━━━━━ Source data ━━━━━

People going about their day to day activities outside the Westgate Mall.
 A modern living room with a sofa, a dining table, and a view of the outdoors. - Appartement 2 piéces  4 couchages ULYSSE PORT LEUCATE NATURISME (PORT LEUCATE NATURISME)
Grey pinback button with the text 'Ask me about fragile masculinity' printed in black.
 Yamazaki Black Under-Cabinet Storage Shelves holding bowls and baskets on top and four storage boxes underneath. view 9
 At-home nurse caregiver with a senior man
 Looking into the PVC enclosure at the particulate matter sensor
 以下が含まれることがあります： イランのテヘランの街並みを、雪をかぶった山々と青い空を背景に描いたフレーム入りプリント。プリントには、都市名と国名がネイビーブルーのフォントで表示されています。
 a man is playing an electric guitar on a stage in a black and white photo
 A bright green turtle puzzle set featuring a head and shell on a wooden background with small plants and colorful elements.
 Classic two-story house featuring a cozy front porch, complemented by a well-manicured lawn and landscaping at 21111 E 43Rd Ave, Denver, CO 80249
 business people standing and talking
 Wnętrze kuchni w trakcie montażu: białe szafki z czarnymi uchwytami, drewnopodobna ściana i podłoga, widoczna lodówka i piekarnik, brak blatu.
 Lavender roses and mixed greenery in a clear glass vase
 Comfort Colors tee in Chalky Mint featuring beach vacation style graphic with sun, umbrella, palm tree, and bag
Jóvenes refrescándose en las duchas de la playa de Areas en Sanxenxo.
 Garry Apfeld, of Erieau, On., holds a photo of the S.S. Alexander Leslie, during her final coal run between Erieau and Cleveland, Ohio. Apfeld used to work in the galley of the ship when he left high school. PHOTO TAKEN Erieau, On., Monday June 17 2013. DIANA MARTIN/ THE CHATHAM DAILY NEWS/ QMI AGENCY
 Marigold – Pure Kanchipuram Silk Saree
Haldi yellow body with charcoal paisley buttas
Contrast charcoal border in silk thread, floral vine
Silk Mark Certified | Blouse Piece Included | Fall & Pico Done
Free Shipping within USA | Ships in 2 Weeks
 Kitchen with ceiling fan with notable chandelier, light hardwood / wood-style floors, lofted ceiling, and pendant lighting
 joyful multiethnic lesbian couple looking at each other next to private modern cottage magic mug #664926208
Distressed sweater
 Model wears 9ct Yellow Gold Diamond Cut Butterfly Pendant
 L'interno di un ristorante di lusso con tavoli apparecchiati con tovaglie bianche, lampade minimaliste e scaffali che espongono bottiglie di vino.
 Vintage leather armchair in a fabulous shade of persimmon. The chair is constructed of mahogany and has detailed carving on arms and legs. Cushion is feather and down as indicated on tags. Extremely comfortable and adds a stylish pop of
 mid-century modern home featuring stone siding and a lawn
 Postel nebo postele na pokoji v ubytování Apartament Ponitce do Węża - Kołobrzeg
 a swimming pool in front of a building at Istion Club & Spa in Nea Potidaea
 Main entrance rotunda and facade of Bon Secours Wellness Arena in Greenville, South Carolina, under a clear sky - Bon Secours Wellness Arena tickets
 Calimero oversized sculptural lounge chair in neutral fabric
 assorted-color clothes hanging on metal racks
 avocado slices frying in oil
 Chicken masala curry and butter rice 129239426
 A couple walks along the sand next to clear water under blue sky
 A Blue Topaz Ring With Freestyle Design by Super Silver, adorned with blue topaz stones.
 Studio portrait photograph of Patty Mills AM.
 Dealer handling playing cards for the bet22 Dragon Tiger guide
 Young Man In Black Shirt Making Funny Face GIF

━━━━━

Exercise details: Return, word for word, every line from the line with "Calimero oversized sculptural" to the final line of the data.

Task response:
 Calimero oversized sculptural lounge chair in neutral fabric
 assorted-color clothes hanging on metal racks
 avocado slices frying in oil
 Chicken masala curry and butter rice 129239426
 A couple walks along the sand next to clear water under blue sky
 A Blue Topaz Ring With Freestyle Design by Super Silver, adorned with blue topaz stones.
 Studio portrait photograph of Patty Mills AM.
 Dealer handling playing cards for the bet22 Dragon Tiger guide
 Young Man In Black Shirt Making Funny Face GIF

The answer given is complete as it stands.